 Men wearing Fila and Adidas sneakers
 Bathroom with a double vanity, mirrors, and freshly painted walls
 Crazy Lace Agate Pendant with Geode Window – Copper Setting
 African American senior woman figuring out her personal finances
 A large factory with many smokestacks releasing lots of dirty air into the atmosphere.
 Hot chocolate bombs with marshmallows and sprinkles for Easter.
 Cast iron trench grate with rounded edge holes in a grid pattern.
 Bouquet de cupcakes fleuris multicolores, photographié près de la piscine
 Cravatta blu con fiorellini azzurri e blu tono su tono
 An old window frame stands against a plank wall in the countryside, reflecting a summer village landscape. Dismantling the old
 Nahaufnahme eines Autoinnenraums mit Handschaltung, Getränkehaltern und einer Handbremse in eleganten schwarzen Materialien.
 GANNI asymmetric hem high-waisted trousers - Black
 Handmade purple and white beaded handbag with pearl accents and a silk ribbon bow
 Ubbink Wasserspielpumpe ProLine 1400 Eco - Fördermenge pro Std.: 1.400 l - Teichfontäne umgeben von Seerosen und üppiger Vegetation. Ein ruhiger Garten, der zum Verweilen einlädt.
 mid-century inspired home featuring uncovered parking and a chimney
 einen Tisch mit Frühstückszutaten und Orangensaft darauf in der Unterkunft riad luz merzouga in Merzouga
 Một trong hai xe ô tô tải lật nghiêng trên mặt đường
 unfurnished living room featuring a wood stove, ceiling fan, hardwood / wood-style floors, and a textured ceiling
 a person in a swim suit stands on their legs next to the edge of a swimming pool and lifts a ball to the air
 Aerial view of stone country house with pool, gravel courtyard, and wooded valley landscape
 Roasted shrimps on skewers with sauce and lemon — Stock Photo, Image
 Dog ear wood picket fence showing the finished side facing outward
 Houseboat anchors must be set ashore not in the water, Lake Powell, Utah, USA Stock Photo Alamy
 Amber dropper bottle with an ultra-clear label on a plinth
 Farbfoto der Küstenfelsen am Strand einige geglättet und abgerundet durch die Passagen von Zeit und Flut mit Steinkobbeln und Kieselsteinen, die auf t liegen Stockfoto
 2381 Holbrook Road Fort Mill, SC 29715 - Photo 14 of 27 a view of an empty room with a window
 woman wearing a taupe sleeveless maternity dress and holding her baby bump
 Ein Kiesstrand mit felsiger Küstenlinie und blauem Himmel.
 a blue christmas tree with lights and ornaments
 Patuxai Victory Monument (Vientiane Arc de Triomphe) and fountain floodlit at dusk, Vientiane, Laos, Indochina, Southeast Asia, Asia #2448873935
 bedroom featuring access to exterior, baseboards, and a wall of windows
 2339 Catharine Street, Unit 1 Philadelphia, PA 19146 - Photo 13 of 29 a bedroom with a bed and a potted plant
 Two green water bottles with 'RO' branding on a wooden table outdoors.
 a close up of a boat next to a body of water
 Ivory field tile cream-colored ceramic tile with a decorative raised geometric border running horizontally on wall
################
Copy out, exactly as given, the line containing "Two green water" together with every line after it in the material.

 Two green water bottles with 'RO' branding on a wooden table outdoors.
 a close up of a boat next to a body of water
 Ivory field tile cream-colored ceramic tile with a decorative raised geometric border running horizontally on wall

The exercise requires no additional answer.